● How to complete this task:
From the data underneath, reproduce exactly the stretch that begins at the line with "4- 33 x 12.50R18LT" and ends after the line with "the JEWELED POPSTAR".

● Task input:
:::::
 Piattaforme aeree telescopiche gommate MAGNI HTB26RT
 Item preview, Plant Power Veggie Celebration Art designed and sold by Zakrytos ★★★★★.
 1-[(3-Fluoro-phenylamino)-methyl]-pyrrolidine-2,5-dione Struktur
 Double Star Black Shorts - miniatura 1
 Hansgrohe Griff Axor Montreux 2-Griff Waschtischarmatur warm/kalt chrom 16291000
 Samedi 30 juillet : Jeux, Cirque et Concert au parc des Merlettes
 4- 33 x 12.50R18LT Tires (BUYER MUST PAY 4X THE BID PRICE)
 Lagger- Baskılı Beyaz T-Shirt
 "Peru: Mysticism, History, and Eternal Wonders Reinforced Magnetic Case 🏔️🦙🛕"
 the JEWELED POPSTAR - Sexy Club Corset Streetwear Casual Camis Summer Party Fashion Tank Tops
:::::
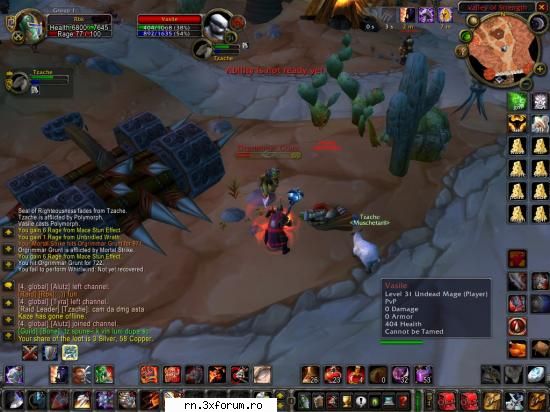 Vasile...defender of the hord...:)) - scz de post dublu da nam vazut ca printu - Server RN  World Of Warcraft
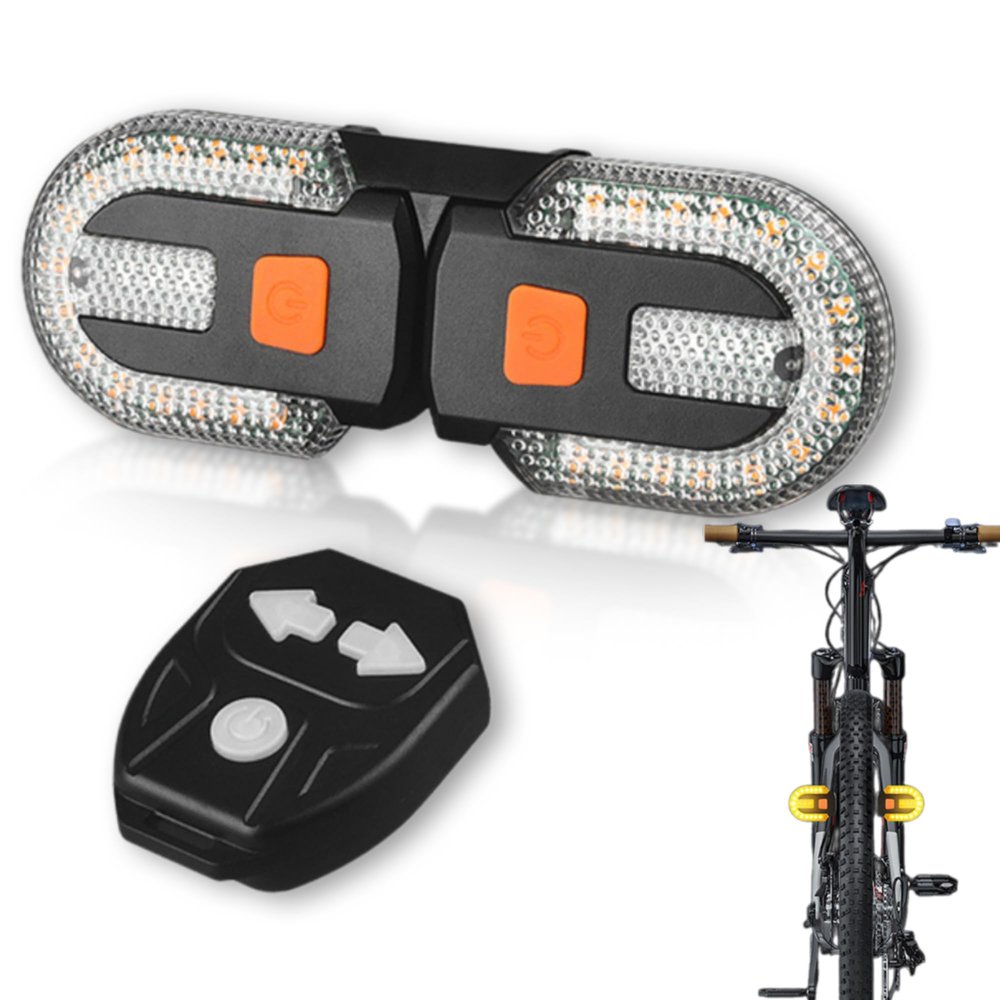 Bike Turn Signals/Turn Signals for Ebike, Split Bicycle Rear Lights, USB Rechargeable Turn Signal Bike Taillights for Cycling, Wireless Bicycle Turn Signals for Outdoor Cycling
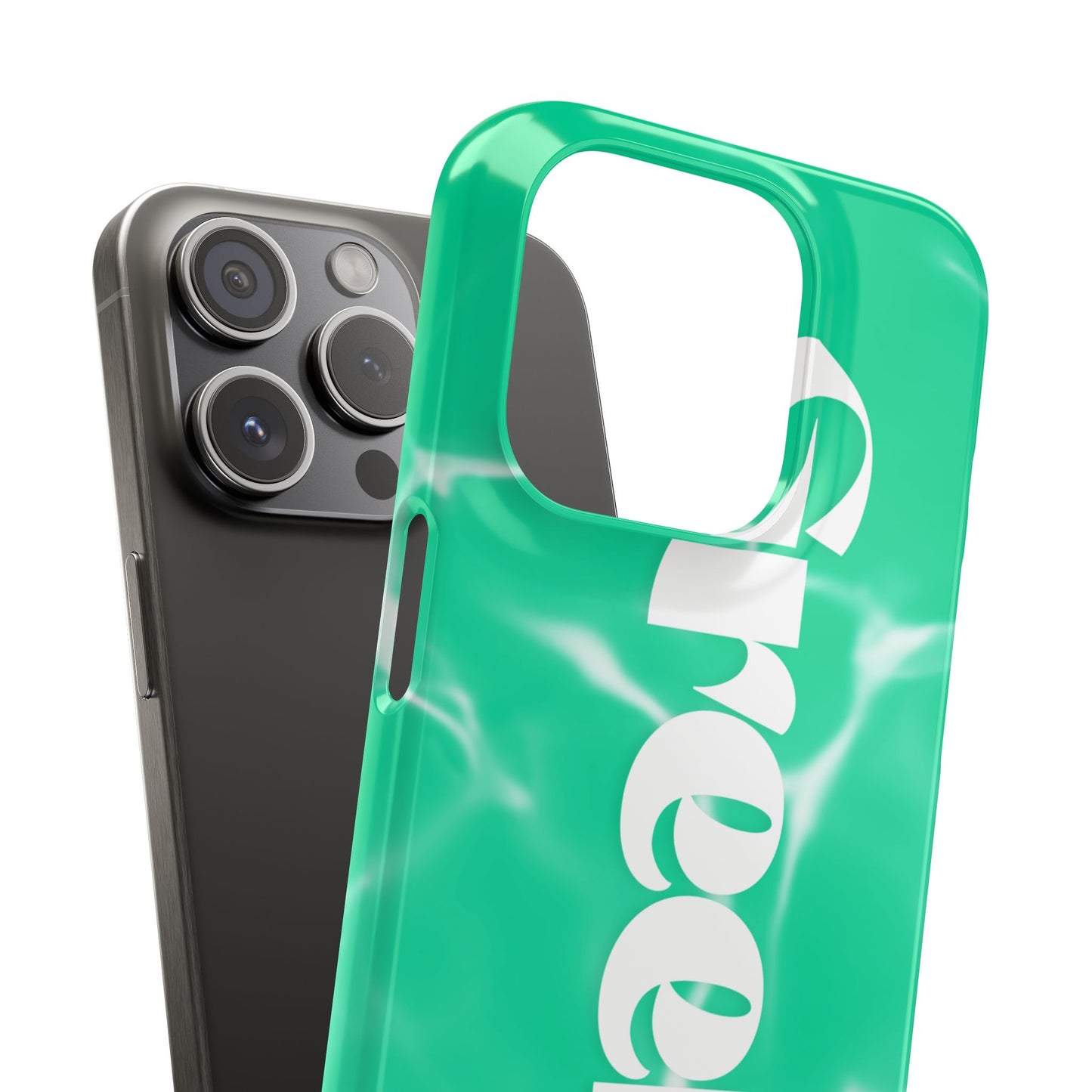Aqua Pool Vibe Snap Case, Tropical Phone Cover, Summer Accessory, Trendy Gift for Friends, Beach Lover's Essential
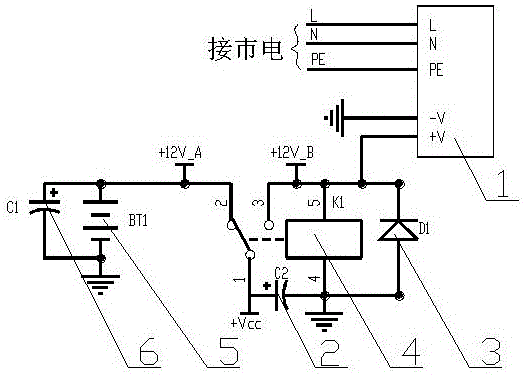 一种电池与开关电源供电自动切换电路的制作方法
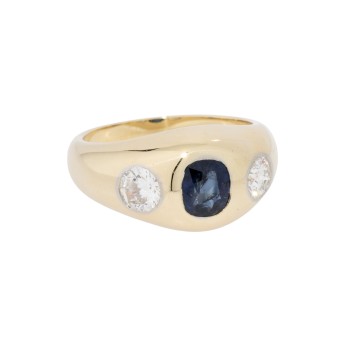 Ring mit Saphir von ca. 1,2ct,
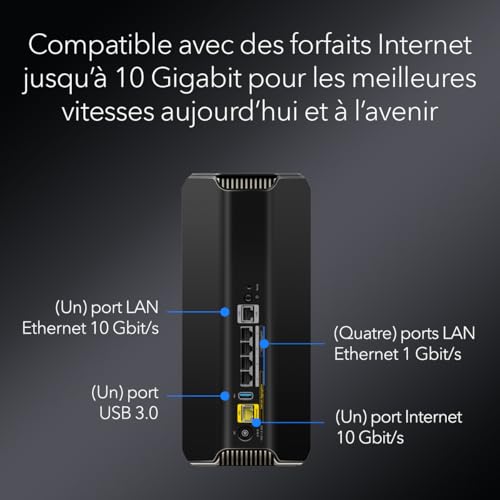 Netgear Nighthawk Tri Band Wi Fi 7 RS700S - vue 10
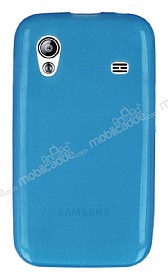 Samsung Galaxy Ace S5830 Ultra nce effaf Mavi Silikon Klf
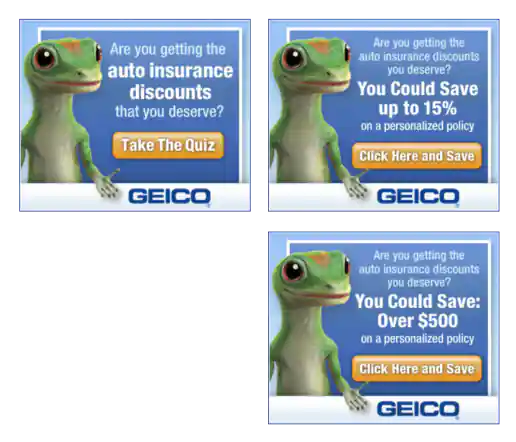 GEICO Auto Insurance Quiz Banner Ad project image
:::::
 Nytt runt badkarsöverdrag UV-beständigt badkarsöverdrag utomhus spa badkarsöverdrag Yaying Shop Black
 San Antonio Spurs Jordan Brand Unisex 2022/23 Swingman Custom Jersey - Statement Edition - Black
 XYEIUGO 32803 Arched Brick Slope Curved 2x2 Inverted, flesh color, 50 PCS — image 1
:::::
● Exercise answer:
 4- 33 x 12.50R18LT Tires (BUYER MUST PAY 4X THE BID PRICE)
 Lagger- Baskılı Beyaz T-Shirt
 "Peru: Mysticism, History, and Eternal Wonders Reinforced Magnetic Case 🏔️🦙🛕"
 the JEWELED POPSTAR - Sexy Club Corset Streetwear Casual Camis Summer Party Fashion Tank Tops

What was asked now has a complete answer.